======== INPUT MATERIAL ========

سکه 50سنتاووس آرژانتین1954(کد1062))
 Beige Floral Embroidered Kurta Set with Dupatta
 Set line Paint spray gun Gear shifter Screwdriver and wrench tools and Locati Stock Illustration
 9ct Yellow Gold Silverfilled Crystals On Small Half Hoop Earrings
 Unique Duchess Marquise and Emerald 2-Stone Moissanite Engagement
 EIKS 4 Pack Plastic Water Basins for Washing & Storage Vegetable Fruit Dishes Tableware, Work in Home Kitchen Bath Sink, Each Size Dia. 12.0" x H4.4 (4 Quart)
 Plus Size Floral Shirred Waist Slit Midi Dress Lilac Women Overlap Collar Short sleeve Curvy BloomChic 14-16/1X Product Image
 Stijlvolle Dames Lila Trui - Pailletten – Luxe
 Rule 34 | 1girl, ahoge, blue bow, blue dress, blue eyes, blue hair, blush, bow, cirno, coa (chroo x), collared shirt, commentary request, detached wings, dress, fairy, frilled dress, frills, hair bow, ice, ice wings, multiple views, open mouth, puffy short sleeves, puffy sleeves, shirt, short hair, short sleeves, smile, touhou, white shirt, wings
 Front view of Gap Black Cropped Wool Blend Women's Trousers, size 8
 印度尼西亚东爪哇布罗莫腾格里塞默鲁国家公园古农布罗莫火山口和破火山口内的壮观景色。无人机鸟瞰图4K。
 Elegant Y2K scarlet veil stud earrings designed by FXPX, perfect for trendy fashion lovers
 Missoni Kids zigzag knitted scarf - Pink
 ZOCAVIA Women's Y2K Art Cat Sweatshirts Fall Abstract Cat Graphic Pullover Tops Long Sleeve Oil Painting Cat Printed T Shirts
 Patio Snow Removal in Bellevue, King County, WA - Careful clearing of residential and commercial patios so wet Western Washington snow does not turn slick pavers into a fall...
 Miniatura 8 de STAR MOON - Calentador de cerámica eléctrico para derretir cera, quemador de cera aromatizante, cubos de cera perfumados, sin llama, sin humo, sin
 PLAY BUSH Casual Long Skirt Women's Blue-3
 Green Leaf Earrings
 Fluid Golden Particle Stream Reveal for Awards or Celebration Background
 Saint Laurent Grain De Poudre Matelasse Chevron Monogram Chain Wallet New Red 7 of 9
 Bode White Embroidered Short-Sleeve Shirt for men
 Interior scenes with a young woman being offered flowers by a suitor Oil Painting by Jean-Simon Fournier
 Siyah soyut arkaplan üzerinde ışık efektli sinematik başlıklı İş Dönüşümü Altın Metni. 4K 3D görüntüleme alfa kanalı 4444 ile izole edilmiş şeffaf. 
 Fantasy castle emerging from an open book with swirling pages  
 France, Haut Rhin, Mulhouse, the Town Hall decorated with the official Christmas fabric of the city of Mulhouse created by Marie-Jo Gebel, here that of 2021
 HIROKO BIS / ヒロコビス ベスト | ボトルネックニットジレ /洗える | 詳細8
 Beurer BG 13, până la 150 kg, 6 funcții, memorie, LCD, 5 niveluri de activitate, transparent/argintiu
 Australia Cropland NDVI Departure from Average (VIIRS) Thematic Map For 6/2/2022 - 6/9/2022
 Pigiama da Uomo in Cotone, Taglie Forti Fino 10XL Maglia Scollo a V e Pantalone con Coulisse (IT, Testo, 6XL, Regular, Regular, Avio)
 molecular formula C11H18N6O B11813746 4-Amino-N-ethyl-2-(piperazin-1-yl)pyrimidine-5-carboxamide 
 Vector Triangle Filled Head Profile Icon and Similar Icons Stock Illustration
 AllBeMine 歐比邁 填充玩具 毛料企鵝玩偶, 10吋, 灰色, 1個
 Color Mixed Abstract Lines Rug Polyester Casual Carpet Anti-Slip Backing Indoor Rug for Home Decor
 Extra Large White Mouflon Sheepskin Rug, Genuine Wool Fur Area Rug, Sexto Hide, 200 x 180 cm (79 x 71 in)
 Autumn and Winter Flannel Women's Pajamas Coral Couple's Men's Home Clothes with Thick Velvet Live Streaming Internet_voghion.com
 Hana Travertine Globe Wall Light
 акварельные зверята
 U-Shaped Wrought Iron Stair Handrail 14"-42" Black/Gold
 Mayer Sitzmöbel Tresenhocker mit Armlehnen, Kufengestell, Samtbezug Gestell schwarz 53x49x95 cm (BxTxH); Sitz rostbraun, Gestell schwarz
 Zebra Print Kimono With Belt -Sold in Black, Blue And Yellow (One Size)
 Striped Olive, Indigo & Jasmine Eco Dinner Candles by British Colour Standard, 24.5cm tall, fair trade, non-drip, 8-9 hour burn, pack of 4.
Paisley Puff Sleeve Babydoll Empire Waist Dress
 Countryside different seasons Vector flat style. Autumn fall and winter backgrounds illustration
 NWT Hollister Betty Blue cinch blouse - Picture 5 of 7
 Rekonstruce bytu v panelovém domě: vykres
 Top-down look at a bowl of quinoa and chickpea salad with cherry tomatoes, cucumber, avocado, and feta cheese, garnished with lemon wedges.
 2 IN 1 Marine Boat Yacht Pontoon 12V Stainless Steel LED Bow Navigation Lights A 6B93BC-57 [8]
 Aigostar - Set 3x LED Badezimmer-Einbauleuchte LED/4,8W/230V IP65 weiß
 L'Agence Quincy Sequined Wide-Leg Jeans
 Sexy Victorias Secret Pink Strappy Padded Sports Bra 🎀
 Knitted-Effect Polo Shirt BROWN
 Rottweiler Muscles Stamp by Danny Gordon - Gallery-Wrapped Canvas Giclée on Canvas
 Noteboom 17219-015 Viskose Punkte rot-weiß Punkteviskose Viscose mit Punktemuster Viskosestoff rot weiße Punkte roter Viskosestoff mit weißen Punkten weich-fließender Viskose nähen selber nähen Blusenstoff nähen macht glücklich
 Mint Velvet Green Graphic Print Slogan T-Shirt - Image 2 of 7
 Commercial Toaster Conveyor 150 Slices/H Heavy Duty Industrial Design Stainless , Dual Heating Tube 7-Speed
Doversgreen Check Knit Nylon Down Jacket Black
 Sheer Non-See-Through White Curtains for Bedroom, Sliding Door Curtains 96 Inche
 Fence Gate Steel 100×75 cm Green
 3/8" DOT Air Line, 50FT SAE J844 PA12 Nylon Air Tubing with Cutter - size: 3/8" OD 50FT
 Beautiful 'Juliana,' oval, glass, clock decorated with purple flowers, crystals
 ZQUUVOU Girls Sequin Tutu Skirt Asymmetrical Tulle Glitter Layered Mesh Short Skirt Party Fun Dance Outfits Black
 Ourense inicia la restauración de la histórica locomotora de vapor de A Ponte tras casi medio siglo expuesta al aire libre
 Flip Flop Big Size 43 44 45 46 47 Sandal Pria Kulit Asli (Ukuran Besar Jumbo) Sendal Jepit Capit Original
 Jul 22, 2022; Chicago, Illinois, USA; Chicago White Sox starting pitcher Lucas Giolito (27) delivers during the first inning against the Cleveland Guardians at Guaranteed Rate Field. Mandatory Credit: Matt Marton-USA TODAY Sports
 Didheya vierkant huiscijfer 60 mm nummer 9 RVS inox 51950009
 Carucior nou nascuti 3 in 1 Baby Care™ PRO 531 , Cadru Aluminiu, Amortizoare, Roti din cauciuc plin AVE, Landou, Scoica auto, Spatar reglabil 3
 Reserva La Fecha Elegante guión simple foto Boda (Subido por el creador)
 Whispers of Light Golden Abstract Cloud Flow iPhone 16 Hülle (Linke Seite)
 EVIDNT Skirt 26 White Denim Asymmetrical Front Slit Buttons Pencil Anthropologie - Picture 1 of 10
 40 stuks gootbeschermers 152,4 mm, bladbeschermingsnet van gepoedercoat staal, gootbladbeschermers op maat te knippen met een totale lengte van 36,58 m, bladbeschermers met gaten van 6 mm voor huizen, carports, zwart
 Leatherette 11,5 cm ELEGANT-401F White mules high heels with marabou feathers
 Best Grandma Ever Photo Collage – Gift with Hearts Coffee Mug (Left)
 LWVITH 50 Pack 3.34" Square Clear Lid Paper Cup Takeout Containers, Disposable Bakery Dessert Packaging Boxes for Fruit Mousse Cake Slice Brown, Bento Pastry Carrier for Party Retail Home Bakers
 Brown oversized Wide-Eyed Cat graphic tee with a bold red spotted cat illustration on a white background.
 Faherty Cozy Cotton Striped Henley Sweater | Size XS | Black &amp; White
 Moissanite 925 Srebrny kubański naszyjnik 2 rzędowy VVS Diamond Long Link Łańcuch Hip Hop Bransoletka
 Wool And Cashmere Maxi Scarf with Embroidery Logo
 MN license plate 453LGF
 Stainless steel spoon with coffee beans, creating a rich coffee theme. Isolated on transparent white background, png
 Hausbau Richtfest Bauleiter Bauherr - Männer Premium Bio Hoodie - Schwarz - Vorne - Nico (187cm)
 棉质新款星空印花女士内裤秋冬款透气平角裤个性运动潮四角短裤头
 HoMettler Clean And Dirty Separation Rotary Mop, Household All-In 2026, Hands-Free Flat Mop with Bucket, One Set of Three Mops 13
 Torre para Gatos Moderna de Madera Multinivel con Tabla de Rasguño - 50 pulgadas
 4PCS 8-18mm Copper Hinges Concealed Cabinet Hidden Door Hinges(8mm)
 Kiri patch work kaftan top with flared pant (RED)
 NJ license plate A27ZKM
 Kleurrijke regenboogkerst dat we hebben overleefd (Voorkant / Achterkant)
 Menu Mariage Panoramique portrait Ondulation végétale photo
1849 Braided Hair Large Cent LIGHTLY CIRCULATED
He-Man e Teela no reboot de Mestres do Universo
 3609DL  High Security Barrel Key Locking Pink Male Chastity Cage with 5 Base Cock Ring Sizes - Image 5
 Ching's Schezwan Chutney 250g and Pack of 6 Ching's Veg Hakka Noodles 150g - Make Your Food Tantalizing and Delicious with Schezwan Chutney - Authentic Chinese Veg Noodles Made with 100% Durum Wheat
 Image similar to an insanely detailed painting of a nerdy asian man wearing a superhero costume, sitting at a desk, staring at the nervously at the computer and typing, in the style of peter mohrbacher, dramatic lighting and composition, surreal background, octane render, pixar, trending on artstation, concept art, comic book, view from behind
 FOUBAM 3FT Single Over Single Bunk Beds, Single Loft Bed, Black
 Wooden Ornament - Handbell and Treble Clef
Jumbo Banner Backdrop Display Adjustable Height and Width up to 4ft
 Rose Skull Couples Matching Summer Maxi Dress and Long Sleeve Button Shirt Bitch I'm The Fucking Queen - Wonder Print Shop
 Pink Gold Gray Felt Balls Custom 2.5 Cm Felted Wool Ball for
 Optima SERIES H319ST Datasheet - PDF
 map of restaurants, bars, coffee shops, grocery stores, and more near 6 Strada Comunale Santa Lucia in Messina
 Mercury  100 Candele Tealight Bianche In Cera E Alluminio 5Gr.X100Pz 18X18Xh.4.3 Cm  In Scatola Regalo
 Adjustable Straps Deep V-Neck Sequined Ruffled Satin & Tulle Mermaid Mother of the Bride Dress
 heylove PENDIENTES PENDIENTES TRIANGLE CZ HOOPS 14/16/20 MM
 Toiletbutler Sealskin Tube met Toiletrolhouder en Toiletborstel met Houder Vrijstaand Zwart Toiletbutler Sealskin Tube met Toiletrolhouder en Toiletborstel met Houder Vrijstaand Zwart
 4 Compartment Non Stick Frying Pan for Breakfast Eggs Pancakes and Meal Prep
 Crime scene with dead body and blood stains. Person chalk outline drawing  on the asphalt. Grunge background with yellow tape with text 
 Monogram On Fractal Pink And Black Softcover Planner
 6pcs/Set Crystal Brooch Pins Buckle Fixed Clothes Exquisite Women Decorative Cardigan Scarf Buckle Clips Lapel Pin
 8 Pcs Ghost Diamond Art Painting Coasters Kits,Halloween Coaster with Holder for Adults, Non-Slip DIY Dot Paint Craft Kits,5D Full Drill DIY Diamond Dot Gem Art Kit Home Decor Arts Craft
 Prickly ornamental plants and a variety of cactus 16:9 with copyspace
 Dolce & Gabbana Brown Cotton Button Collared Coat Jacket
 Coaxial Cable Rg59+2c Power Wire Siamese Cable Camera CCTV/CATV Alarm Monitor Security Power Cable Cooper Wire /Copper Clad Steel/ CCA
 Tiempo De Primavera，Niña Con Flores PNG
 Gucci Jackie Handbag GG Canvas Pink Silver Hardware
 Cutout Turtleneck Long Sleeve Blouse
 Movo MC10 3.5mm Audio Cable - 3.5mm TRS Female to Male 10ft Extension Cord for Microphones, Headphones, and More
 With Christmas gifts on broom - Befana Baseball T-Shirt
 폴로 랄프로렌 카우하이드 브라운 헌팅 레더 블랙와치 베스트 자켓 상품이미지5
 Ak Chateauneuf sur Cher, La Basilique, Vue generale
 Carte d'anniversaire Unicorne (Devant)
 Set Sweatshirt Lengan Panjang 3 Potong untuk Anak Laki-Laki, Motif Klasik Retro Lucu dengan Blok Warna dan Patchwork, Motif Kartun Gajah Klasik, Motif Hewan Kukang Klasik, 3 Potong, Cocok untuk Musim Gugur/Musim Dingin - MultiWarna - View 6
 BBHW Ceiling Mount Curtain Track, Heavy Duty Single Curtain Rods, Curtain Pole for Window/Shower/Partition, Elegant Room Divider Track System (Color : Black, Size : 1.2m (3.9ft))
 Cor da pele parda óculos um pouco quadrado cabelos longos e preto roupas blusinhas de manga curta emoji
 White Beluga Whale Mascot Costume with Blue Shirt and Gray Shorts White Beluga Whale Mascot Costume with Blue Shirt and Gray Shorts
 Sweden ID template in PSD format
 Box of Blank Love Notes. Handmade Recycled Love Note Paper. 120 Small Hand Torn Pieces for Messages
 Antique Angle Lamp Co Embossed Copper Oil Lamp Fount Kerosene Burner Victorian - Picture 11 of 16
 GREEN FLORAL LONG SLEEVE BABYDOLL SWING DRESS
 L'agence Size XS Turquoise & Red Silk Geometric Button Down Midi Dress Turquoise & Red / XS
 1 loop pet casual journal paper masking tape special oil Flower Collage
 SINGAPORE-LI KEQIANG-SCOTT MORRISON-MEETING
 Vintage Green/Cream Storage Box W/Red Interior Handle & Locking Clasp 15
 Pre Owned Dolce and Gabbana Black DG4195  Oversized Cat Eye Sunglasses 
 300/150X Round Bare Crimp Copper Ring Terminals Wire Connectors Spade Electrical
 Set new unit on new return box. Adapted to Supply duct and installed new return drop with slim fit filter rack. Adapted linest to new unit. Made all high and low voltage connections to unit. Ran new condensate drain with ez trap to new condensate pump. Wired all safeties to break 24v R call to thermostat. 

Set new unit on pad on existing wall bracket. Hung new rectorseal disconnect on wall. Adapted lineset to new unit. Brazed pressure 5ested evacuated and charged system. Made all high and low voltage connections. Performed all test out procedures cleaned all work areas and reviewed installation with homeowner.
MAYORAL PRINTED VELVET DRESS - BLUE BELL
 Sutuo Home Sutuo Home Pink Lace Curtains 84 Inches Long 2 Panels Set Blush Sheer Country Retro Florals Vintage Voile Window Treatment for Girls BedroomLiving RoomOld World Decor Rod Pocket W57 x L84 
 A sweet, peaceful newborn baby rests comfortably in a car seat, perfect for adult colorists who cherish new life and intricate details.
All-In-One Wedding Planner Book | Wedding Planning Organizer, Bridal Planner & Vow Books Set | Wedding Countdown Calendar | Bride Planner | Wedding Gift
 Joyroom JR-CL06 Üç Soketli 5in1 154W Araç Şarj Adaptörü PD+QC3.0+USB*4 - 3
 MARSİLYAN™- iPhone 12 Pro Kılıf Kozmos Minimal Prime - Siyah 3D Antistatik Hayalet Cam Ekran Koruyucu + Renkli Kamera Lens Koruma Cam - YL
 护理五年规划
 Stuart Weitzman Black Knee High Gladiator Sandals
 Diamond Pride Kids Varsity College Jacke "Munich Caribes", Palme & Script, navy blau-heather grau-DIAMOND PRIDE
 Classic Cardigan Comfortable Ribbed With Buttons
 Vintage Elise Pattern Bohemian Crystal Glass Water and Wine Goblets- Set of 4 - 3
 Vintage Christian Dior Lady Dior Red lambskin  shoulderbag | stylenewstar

========

- [AIM OF THE EXERCISE]:
Check each line of the listing above for the string "unit" and return those that contain it.

- [SOLUTION TO THIS EXERCISE]:
 Set new unit on new return box. Adapted to Supply duct and installed new return drop with slim fit filter rack. Adapted linest to new unit. Made all high and low voltage connections to unit. Ran new condensate drain with ez trap to new condensate pump. Wired all safeties to break 24v R call to thermostat. 
Set new unit on pad on existing wall bracket. Hung new rectorseal disconnect on wall. Adapted lineset to new unit. Brazed pressure 5ested evacuated and charged system. Made all high and low voltage connections. Performed all test out procedures cleaned all work areas and reviewed installation with homeowner.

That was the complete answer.